Spectacular Lyrid Meteor Shower Will Peak Tonight And Coincide With New Moon
If you’re in need of a little sparkle to brighten your day, then look no further than the sky tonight to witness the annual Lyrid meteor shower, which will coincide with a new moon.
The meteor shower, which takes place every year and shines brighter than your future, is set to reach its peak today, April 21, and tomorrow morning, with between 10 and 15 meteors appearing in the night sky.
If you want to lay your eyes on the magnificent show, all you have to do is find a dark sky anywhere in the northern hemisphere, before taking a seat and looking up at the stars, ideally between midnight and dawn.
The shower will be the first of its kind since early January, which means it will be relatively calm in comparison to others. However, stargazers still can’t get enough of the show because it’s the oldest recorded meteor shower in history, with the first sighting recorded from ancient China in 687 BC.
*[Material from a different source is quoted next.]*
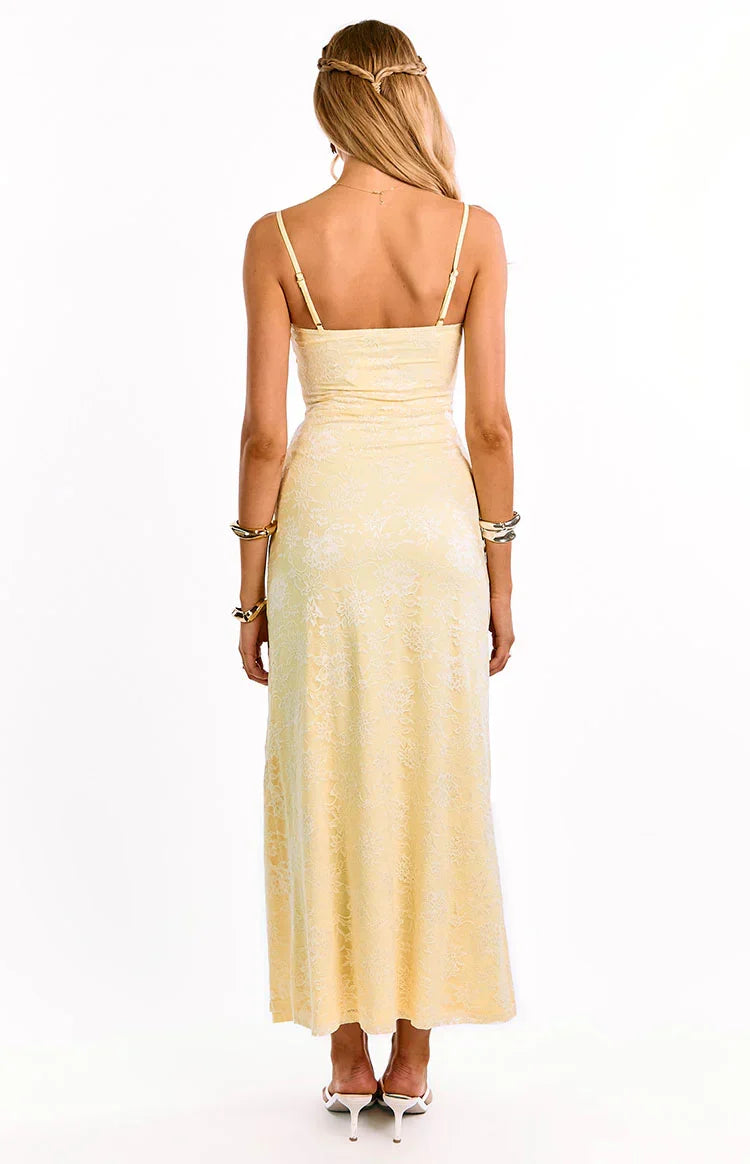 Ely Yellow Lace Maxi Formal Dress PRE ORDER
Last year, Lyrids took place at the very same time as a bright waning gibbous moon, which is almost a full moon.
The Lyrids are made up of dust and rock that have been left behind by comet C/1861, otherwise known as Thatcher, while our planet travels through a cloud of debris left behind by the icy rock.
Each year, the meteor shower is caused when the Earth intersects with Thatcher’s dusty tail. The showers create streaks in the sky that can be seen on Earth from miles away.